Image-text web data
★ ★ ★ ★

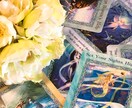 今のあなたに必要な言葉をお伝えします ☆24時間以内に鑑定☆あなたの選んだカードから占います イメージ3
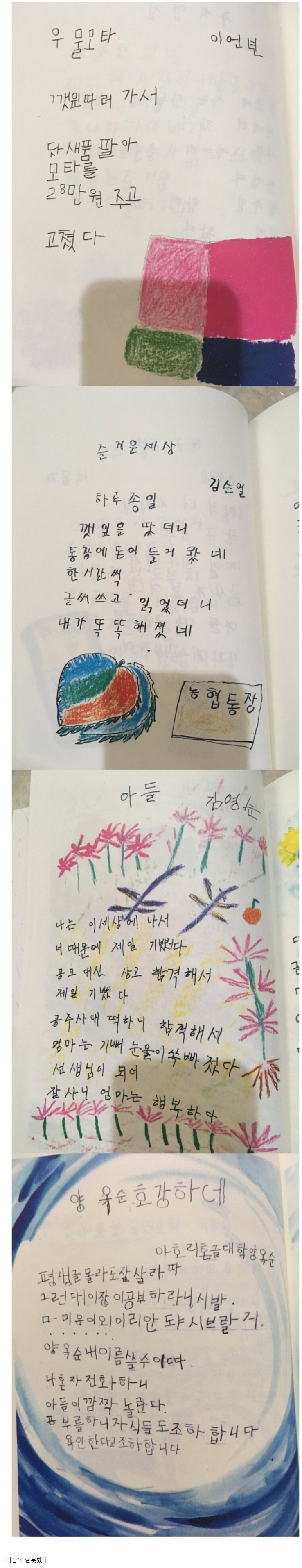  논산시 노인 한글 대학 졸업 작품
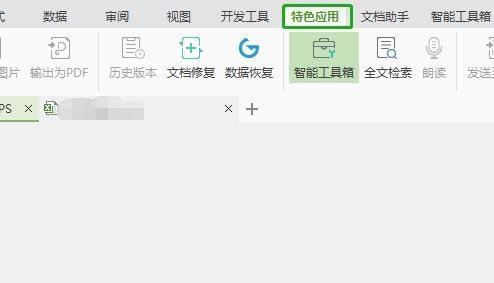 给WPS文档加密码保护的正确设置路径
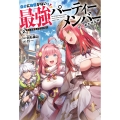 自分に自信がない最強パーティーメンバーが辞めたがる件 2.聖女の秘密と災厄の魔女 (2)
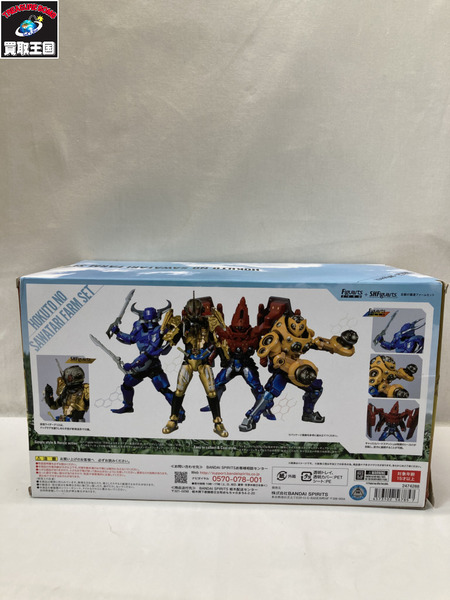 メーカー 仮面ライダーフィギュア 北都の猿渡ファームセット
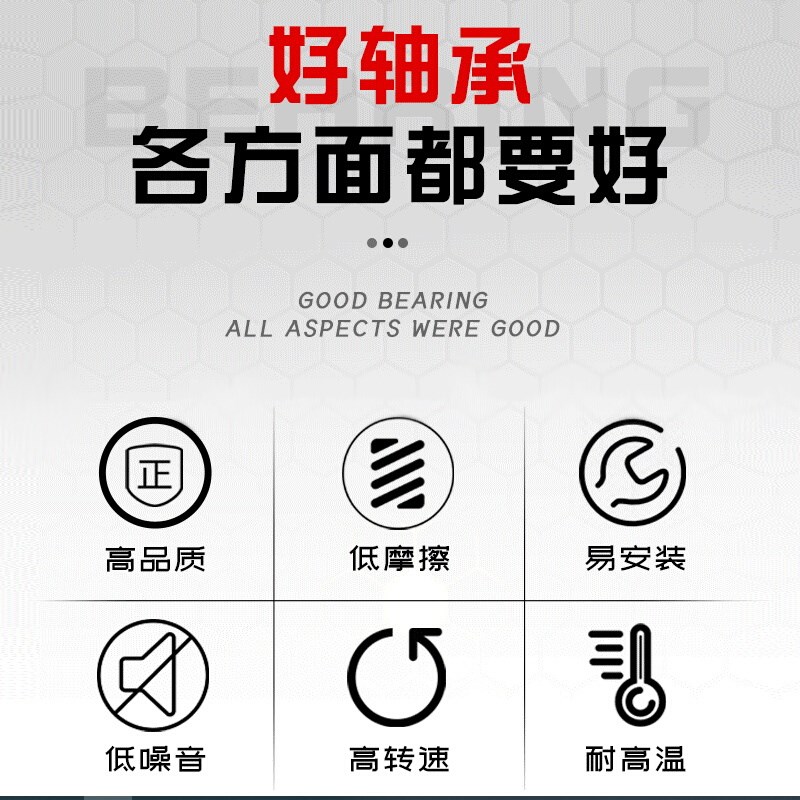 UKF211 H2311外球面轴承UKF210 H2310ZCD日本进口带锥度锁套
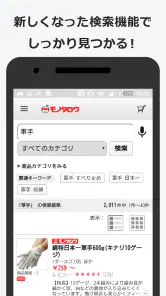 事業者向け通販 "モノタロウ" screenshot
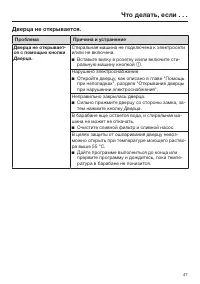 Страница 47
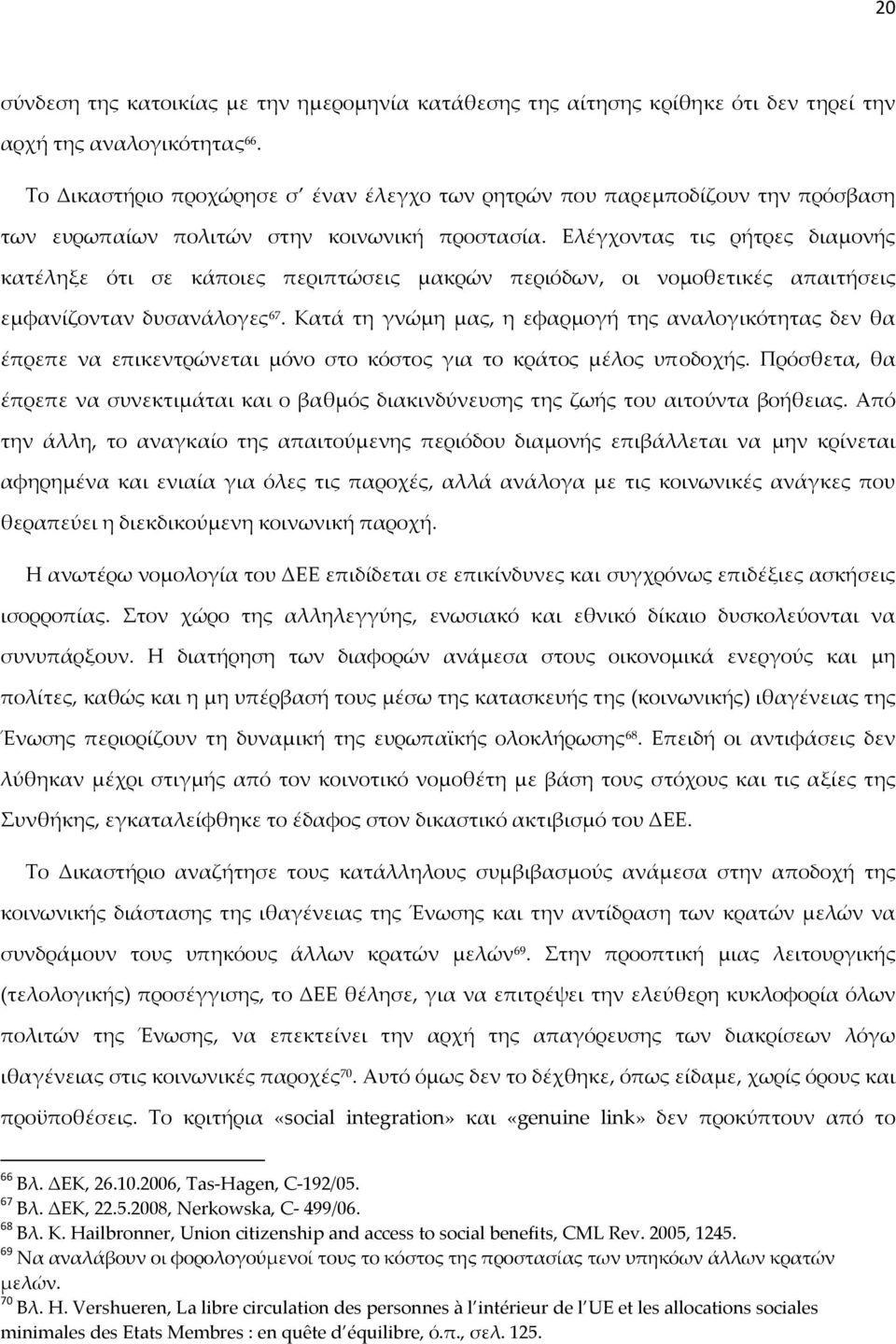 Ελέγχοντας τις ρήτρες διαμονής κατέληξε ότι σε κάποιες περιπτώσεις μακρών περιόδων, οι νομοθετικές απαιτήσεις εμφανίζονταν δυσανάλογες 67.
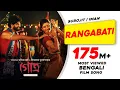 Download Lagu RANGABATI | GOTRO | SUROJIT | IMAN | OM | MANALI | DEVLINA | NIGEL | Bengali Film Song 2019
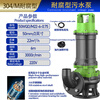 WQF large flow engineering sewage pump clean water sewage 380V submersible sewage pump basement 304/M lifting submersible sewage 100WQ/M100-15-7.5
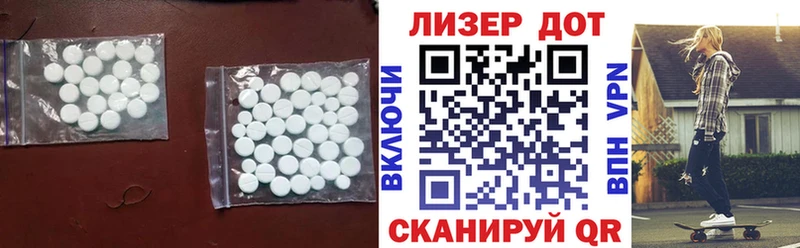 LSD-25 экстази ecstasy  площадка как зайти  Иноземцево 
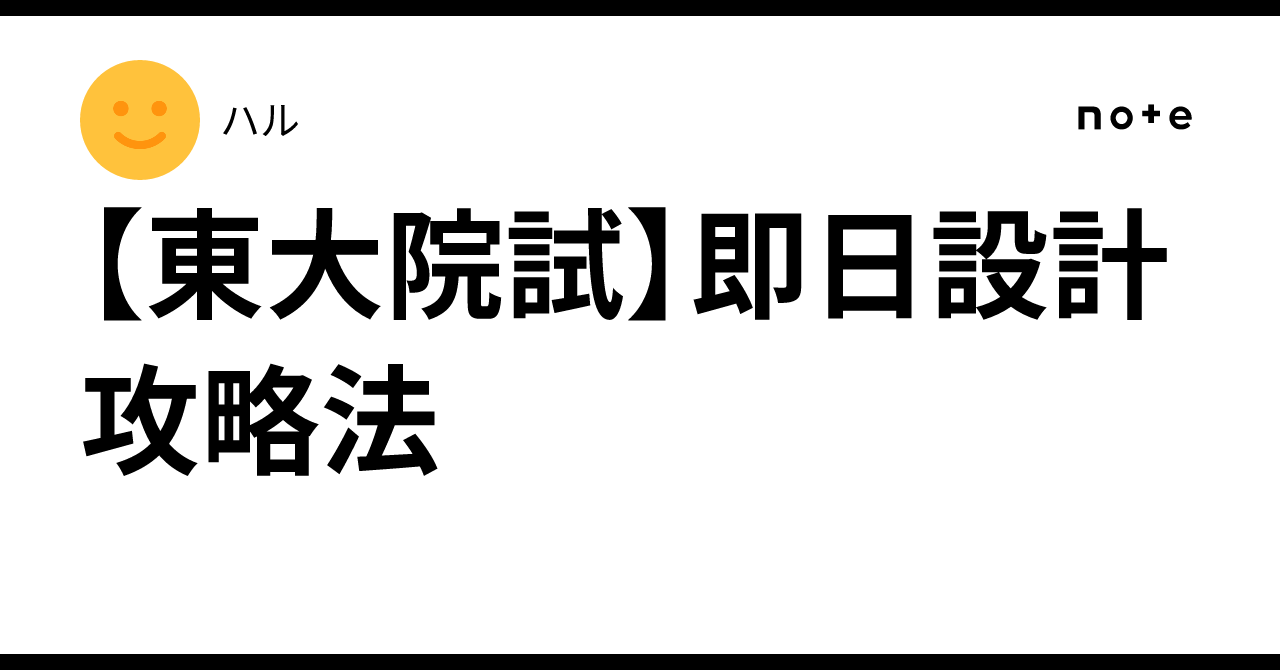 [University of Tokyo Graduate School Entrance Exam] Same-Day Design ...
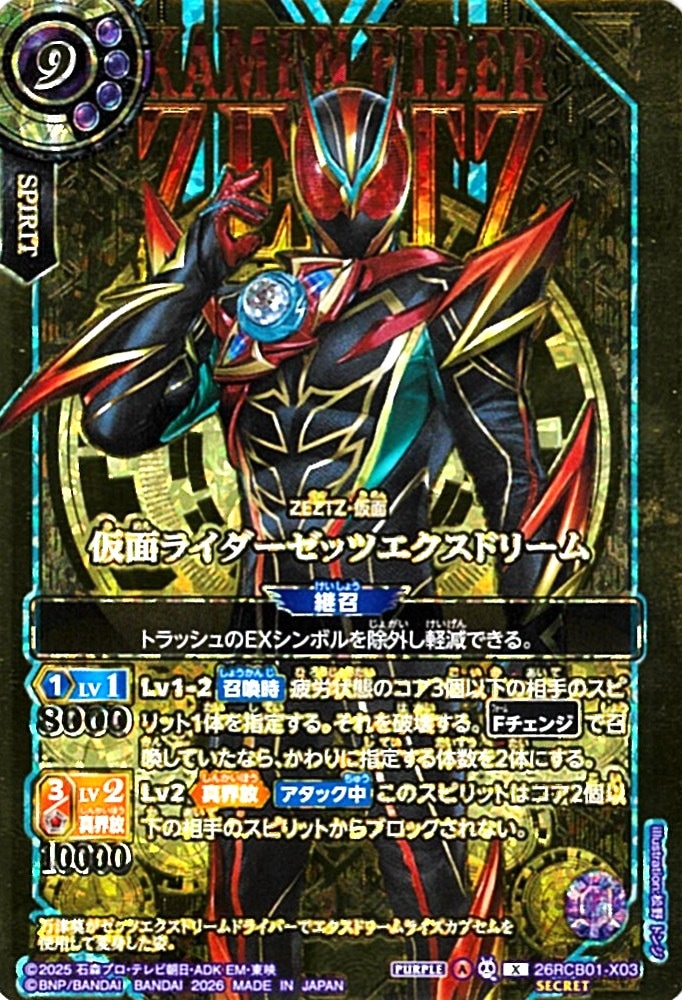光導　SERCETセット X】仮面ライダーゼッツエクスドリーム（OVERSECRET）《26RCB01-X03》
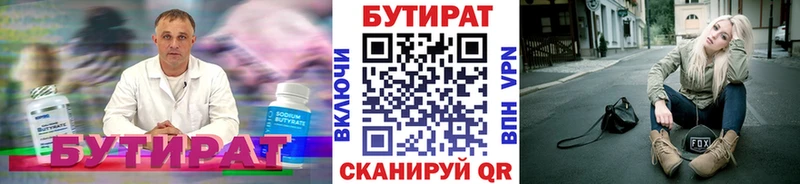 БУТИРАТ BDO 33% Советский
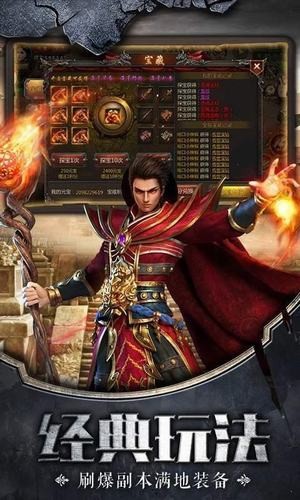 全新星辰单职业神途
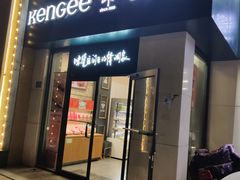 门面-仟吉KenGee(汪家墩店)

★ ★ ★ ★

§ Task
Word for word, give back each entry from above, but skip any picture.

§ Exercise response
 今のあなたに必要な言葉をお伝えします ☆24時間以内に鑑定☆あなたの選んだカードから占います イメージ3
  논산시 노인 한글 대학 졸업 작품
 给WPS文档加密码保护的正确设置路径
 自分に自信がない最強パーティーメンバーが辞めたがる件 2.聖女の秘密と災厄の魔女 (2)
 メーカー 仮面ライダーフィギュア 北都の猿渡ファームセット
 UKF211 H2311外球面轴承UKF210 H2310ZCD日本进口带锥度锁套
 事業者向け通販 "モノタロウ" screenshot
 Страница 47
 Ελέγχοντας τις ρήτρες διαμονής κατέληξε ότι σε κάποιες περιπτώσεις μακρών περιόδων, οι νομοθετικές απαιτήσεις εμφανίζονταν δυσανάλογες 67.
 Download Lagu RANGABATI | GOTRO | SUROJIT | IMAN | OM | MANALI | DEVLINA | NIGEL | Bengali Film Song 2019
 WQF large flow engineering sewage pump clean water sewage 380V submersible sewage pump basement 304/M lifting submersible sewage 100WQ/M100-15-7.5
 LSD-25 экстази ecstasy  площадка как зайти  Иноземцево 
 [University of Tokyo Graduate School Entrance Exam] Same-Day Design ...
光導　SERCETセット X】仮面ライダーゼッツエクスドリーム（OVERSECRET）《26RCB01-X03》
 БУТИРАТ BDO 33% Советский
 全新星辰单职业神途
 门面-仟吉KenGee(汪家墩店)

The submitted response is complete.